## REQUIREMENT
With the pictures omitted, print exactly the lines below, from the one containing "Aerial view of" through the one containing "This cozy Primary", and nothing else.

## LISTED RECORDS

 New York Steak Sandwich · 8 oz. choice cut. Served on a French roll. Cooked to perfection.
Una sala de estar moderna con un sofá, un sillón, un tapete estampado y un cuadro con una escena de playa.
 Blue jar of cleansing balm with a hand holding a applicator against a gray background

* * *

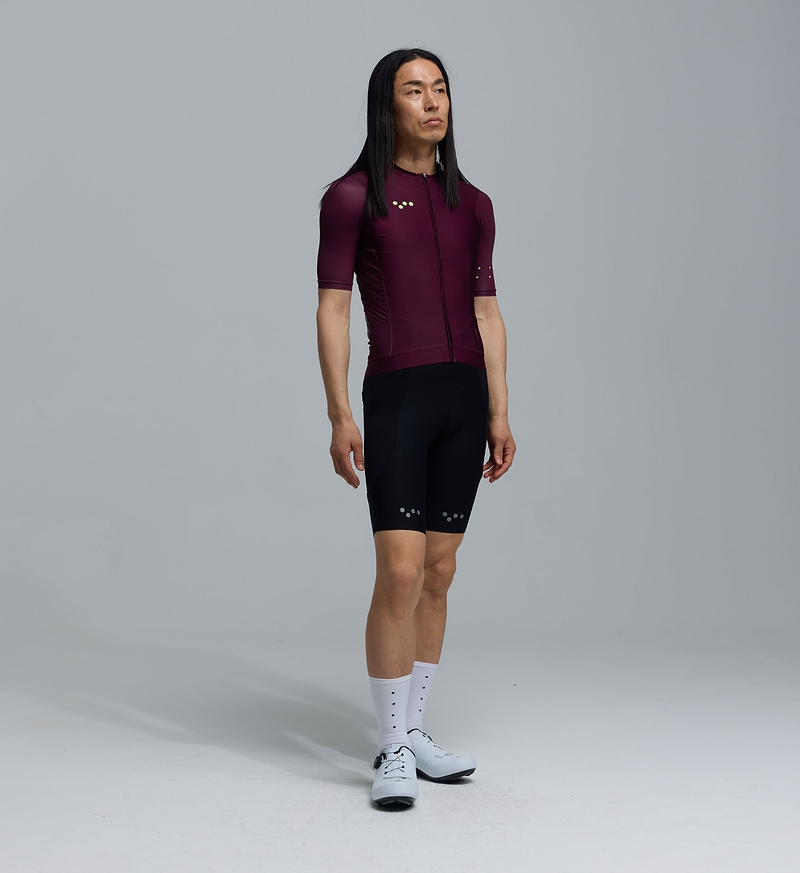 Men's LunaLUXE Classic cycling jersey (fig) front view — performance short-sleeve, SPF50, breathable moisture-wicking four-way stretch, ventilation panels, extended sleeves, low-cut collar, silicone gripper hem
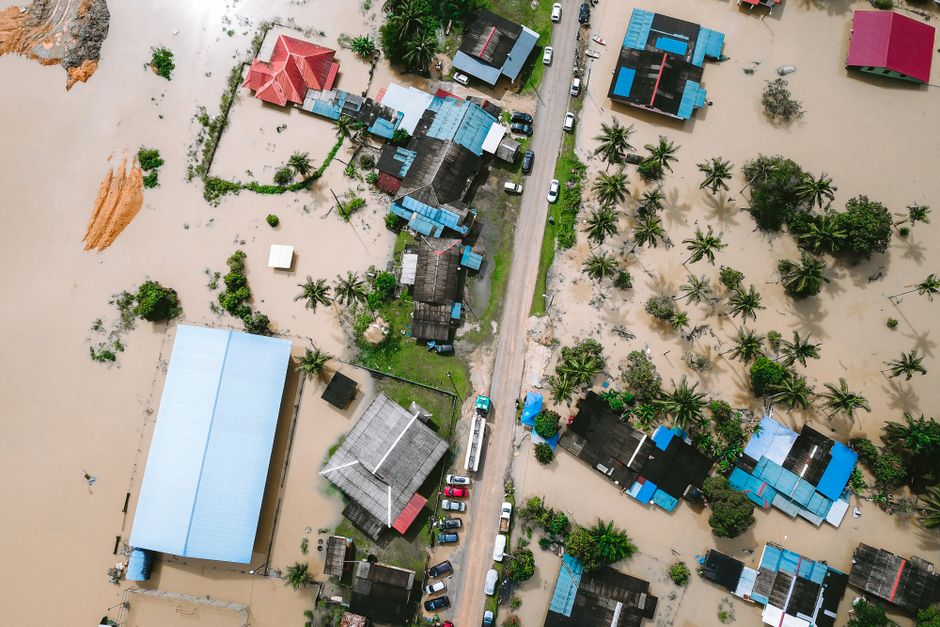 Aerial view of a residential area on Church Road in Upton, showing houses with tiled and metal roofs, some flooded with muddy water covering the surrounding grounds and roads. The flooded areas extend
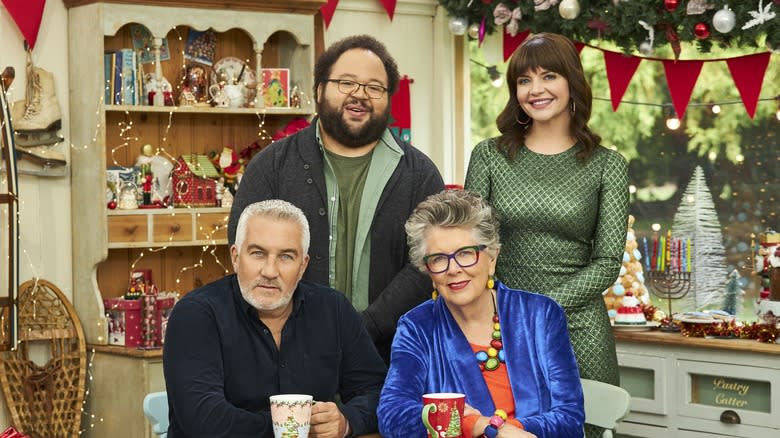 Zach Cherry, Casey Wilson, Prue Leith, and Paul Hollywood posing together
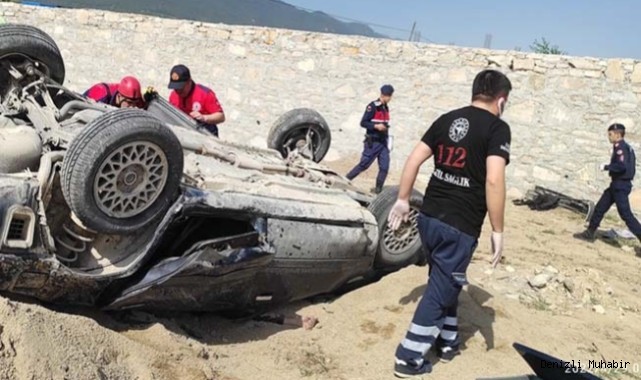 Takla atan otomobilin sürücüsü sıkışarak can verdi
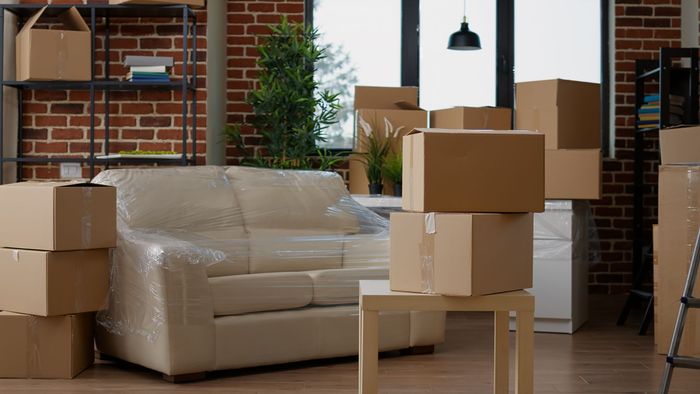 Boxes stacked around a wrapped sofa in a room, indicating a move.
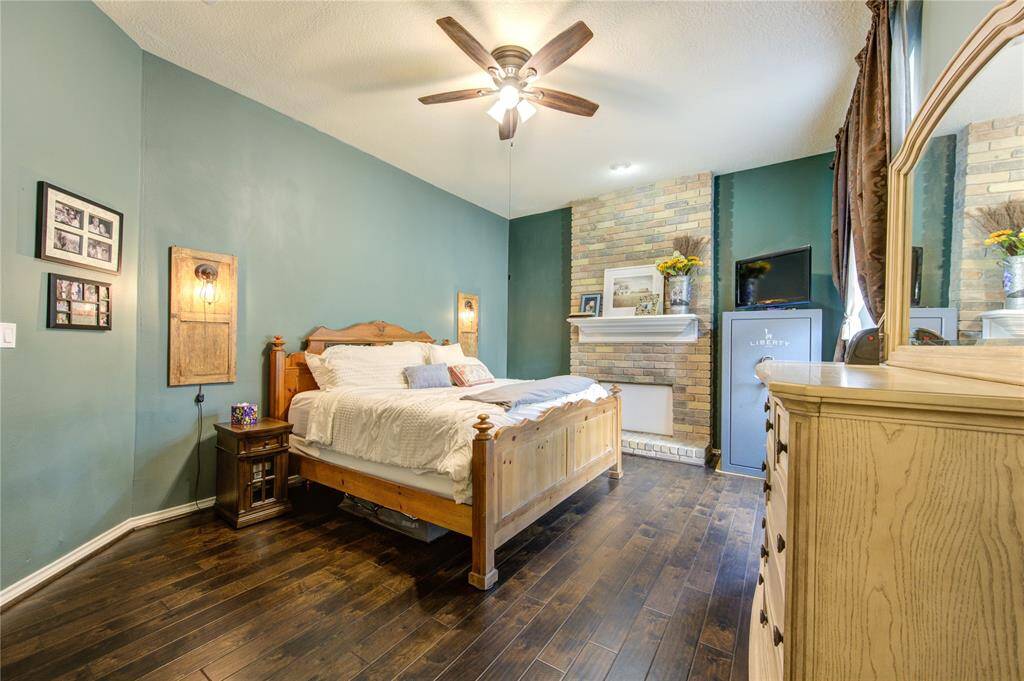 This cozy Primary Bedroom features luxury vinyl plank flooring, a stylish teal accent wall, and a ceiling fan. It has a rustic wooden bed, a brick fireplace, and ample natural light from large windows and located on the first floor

## OUTPUT OF THE TASK
 Aerial view of a residential area on Church Road in Upton, showing houses with tiled and metal roofs, some flooded with muddy water covering the surrounding grounds and roads. The flooded areas extend
 Zach Cherry, Casey Wilson, Prue Leith, and Paul Hollywood posing together
 Takla atan otomobilin sürücüsü sıkışarak can verdi
 Boxes stacked around a wrapped sofa in a room, indicating a move.
 This cozy Primary Bedroom features luxury vinyl plank flooring, a stylish teal accent wall, and a ceiling fan. It has a rustic wooden bed, a brick fireplace, and ample natural light from large windows and located on the first floor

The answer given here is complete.